Scotland's BOGOF ban hasn't reduced wine consumption
As part of the Alcohol Act 2010 the Scottish Government introduced a ban on multi-buys such as Buy One Get One Free (BOGOF), in the belief it would tackle Scotland's alcohol consumption issues by reducing consumption. However, findings released yesterday, by the Behaviour and Health Research Unit, and published in academic journal Addiction, showed there was no evidence that the ban of multi-buys had reduced the purchasing of beer, cider, wine or spirits in the period up to June 2012 and that the ban had not reduced the total amount of alcohol units purchased.
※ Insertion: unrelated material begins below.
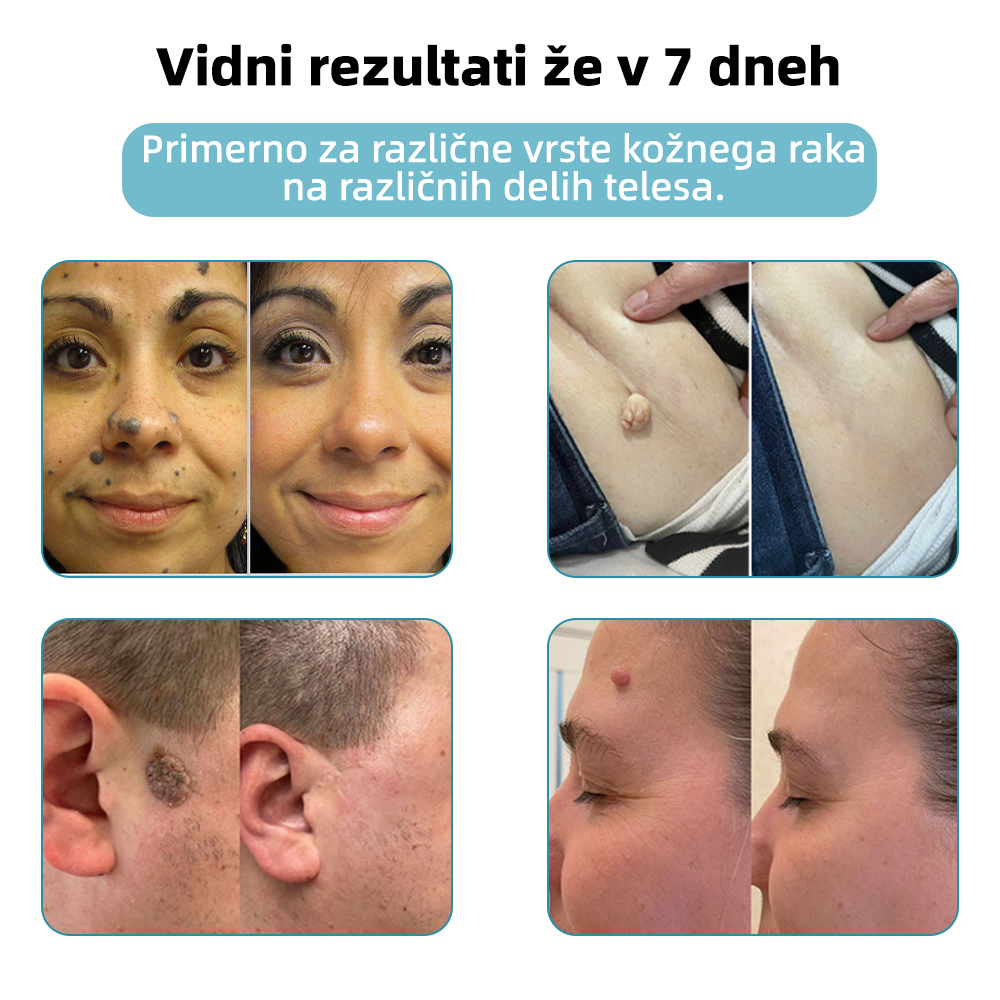 KIDSNEED®💃 Neinvazivno lasersko pero za odstranjevanje kretenj in bradavic - močno🔥🔥🔥Priporočilo Slovenskega dermatološkega društva (SDD)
Indeed, in June 2012, during an interview with Steve Lewis, CEO of Majestic Wines, it was apparent that the ban on multi-buy deals had not hindered the retailer’s performance and may have actually boosted sales at outlets north of the Scottish border. This, he explained, was because it allowed those shopping in Scotland to be “more varied in the product they buy.” He said that overall, shoppers have simply increased the number of times they buy wine, therefore the average volume purchased across the year has not altered.
The Wine Nation report 2012 also pointed out that heavy wine shoppers have not changed their behaviour and that switching the promotional strategy to a low single bottle price has actually encouraged new, lighter shoppers to trial, increasing wine penetration in Scotland since October 2011.